Masih ada yang tersisa, orang-orang yang menjadi target balas dendamku.
"Kemana kamu akan pergi selanjutnya, Chrome-sama?"
"Tujuan akhirku adalah Pahlawan Yuno"
Aku memberi tahu Shea.
"Tidak seperti anggota lain, dia memiliki kekuatan [Cahaya]. Meskipun aku memiliki [Kegelapan], itu tidak akan mudah."
"[Kegelapan] dan [Cahaya] ──"
"Dalam dua tahun terakhir, kekuatanku meningkat pesat, tapi Yuno mungkin lebih kuat. Itu sebabnya aku ingin mengumpulkan informasi terlebih dahulu."
Dan, aku.
"Sambil membalas dendam, selidiki kekuatan Yuno, dan akhirnya berikan hukuman yang pantas untuk semua anggota."
"Aku akan mengikuti Chrome-sama."
Shea mengangguk dengan hormat.
"Aku akan melanjutkan perjalanan ini. Target selanjutnya adalah──"
Aku menatap kehampaan.
Aku menatap wajah "seseorang".
"Sage Valery"
Itu adalah nama target balas dendam ketigaku.
︎
◆ ◇
Di jalan menuju Perbatasan Kekaisaran Lupus──.
Ada puluhan iblis di depannya.
Mereka adalah sisa-sisa dari Tentara Raja Iblis.
Bunuh.
Dorongan seperti itu muncul dari dalam dirinya.
"Gurururuooooooooooooooaaaaaaaaaa!"
Mengeluarkan raungan.
Binatang Iblis itu maju sesuai dengan perintah tuannya.
Untuk bertarung melawan para iblis.
"Tidak, hal seperti itu ...... Aku adalah Saintess Irina...! Kenapa, kenapa aku harus berubah menjadi binatang iblis jelek ini ..... Aku tidak mau, aku tidak suka ini ... "
Irina, yang tubuhnya menjadi binatang iblis, bahkan tidak bisa lagi mengucapkan suara manusia.
Dia hanya bisa menangis putus asa di dalam hatinya.

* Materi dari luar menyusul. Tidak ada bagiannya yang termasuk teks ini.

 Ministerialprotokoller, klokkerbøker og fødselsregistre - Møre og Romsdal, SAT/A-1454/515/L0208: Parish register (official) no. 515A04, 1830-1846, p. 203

"Wajah dan tubuhku yang cantik... kembalikanlah... Aku mohon, Chrome.....!"
Memukul iblis di depannya dengan kaki yang mengartikulasikan seperti serangga.
Kepala musuh itu hancur.
Namun, kaki Irina yang bisa bergerak tidak begitu kuat dan bisa dengan mudah dirobek.
"Gaaaaaaaaarrrururururuuuuuuuuuuuuuuuuu..."

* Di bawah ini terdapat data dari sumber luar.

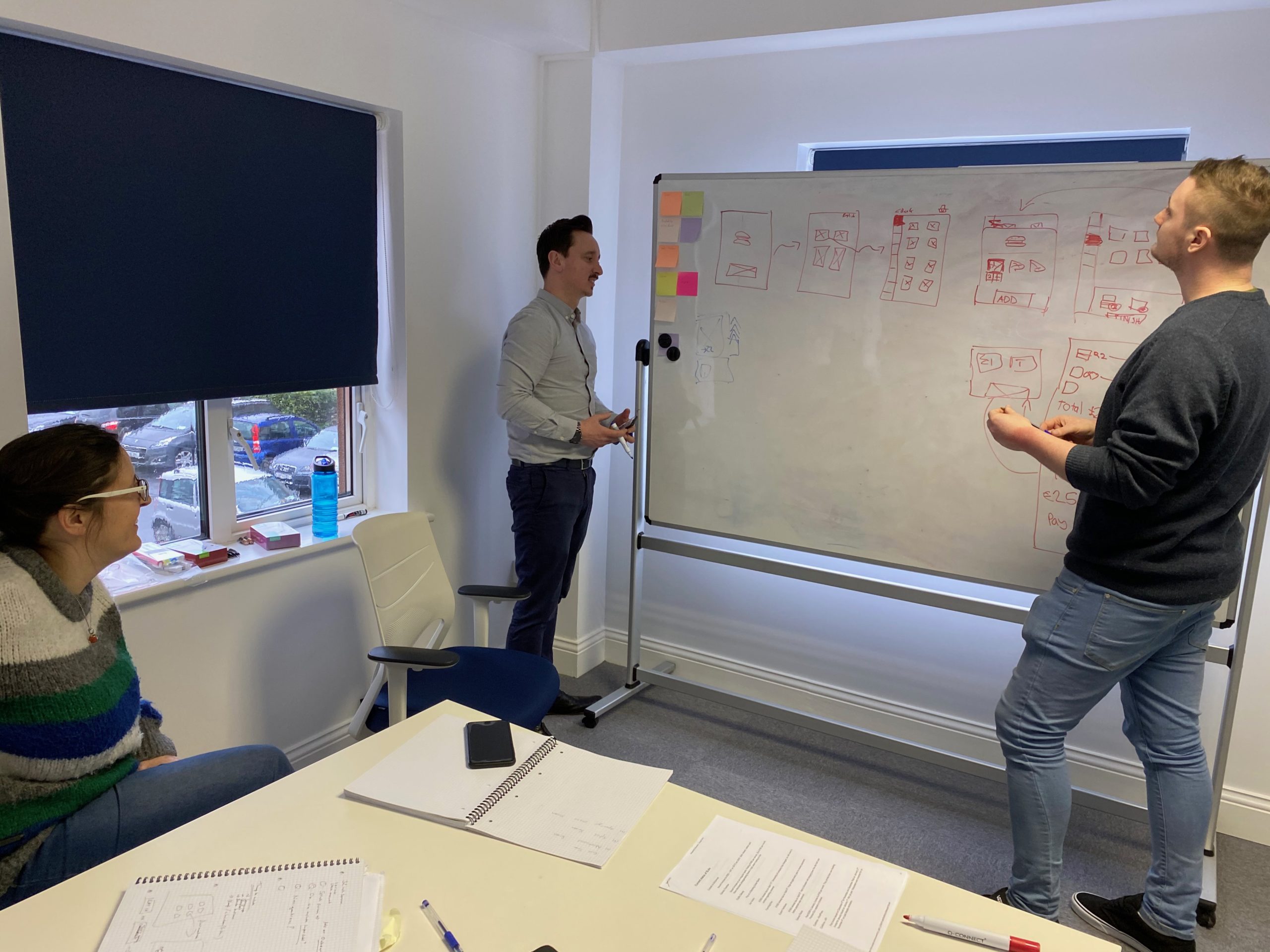 UX Work Shop & Design Sprints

Binatang iblis Irina mengerang kesakitan.
"Sakit... sakit... sakit sekali... ......! Cukup, aku tidak mau ...... Aku ingin melarikan diri ... Aku ingin melarikan diri!"
Tapi, dia tidak bisa melarikan diri dari perintah Chrome untuk melawan sisa-sisa Pasukan Raja Iblis.
Kaki artikulasi yang robek segera beregenerasi dan menyerang iblis-iblis berikutnya. Dia selalu mengalahkan mereka, tapi kakinya yang diartikulasikan patah lagi.
Rasa sakit yang luar biasa. Regenerasi.
Sakit parah, regenerasi.
Regenerasi rasa sakit yang parah regenerasi rasa sakit yang parah regenerasi rasa sakit yang parah regenerasi rasa sakit yang parah regenerasi rasa sakit yang parah regenerasi rasa sakit yang parah regenerasi rasa sakit yang parah......
Dan lagi, rasa sakit dan regenerasi yang parah──tindakan seperti itu terus berlanjut tanpa henti.
"Aku... Aku adalah orang suci yang kalian puja... Aku disembah dari seluruh dunia, dan orang-orang dari seluruh dunia berlutut di hadapanku ...... masa depan yang cemerlang itu telah menungguku, namun, mengapa hal seperti itu ... aaaaaaaaaaaah...!"
Sambil menangis di dalam hatinya, binatang iblis Irina terus bertarung.